Fundamental to the liberties of man is that faculty of the soul termed “conscience.” Today that term connotes for most people only a moral monitor—a twinge of mind that indicates a moral judgment of right or wrong. But to the mid-seventeenth-century British Presbyterians and Independents who drew up the Westminster Confession (which was to become the definitive statement of Presbyterian doctrine throughout the English-speaking world and strongly influence other Protestant bodies as well), the concept of conscience went far deeper. These men were in the midst of a battle for religious liberty, and they wrestled with the concept in order to determine its real and biblical meaning. They realized that conscience had a major role in determining the liberty of man. Their estimation of the value of this faculty is reflected in such statements as these:
There cannot be imagined a higher contempt of God than for a man to despise the power of his own conscience which is the highest sovereignty under heaven, as being God’s most immediate deputy for the ordering of his life and ways [Robert Saunderson, Twelve Sermons, 1621].
God hath given it more force and power to work upon men, than all other agents [Samuel Ward, Balm from Gilead to Recover Conscience, 1616].
To the Westminster divines the conscience was more than a moral monitor; it was a spring of action. Conscience was a man’s persuasion of what he was to believe and practice, especially concerning things known only by divine revelation. They spoke of “doing one’s conscience,” by which they meant to act according to one’s sense of right. Their evaluation of the term is seen from definitions they gave:
Conscience is considered … as a principle of our acting in order to do what God commanded us in the law and the Gospel [Samuel Rutherford, A Free Disputation Against Pretended Liberty of Conscience, 1640].
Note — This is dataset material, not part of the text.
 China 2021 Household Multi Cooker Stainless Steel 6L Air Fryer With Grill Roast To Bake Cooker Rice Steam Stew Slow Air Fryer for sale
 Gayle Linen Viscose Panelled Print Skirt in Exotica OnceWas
Conscience is a faculty or habit of the practical understanding, which enables the mind of man, by the use of reason and argument, to apply the light which it has to particular moral actions.… The object of a man’s Conscience is a moral act; that is, something actually done, or to be done, or actually omitted, or to be left undone [Robert Saunderson, Lectures on Conscience and Human Law].
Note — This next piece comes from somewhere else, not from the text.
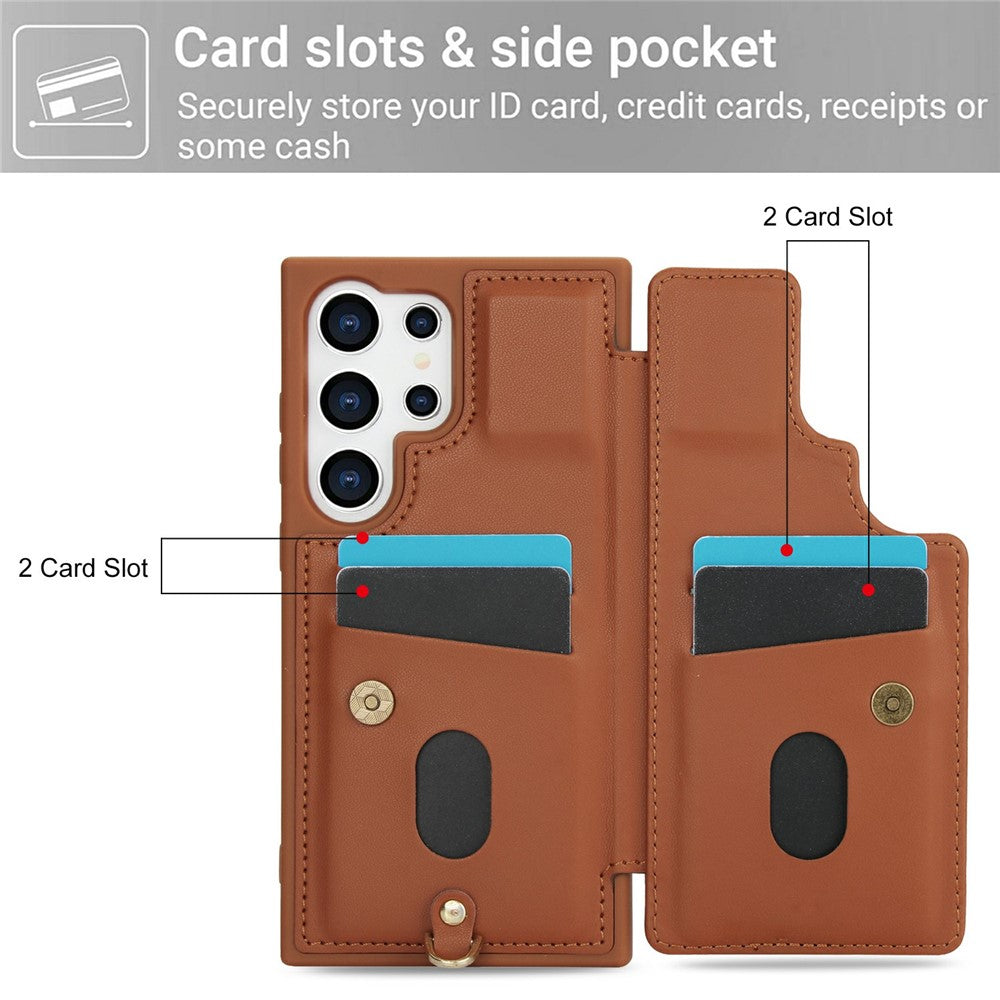 For Samsung Galaxy S26 Ultra Case Card Slots Leather Coated TPU Flower Phone Cover with 2 Straps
The Westminster divines considered conscience a faculty of the human soul implanted by God to rule one’s actions. It was inherent and was not to be considered a habit that might be acquired. It was one of the endowments natural to man and universal with the race. Thus Samuel Ward asserted:
Conscience is a noble and divine power planted of God in the soul, working upon itself by reflection.… A faculty I call it, because it produceth acts, and is not got and lost as habits are, but is inseparable from the soul, immovable from the subject [Samuel Ward, Balm from Gilead to Recover Conscience, 1616].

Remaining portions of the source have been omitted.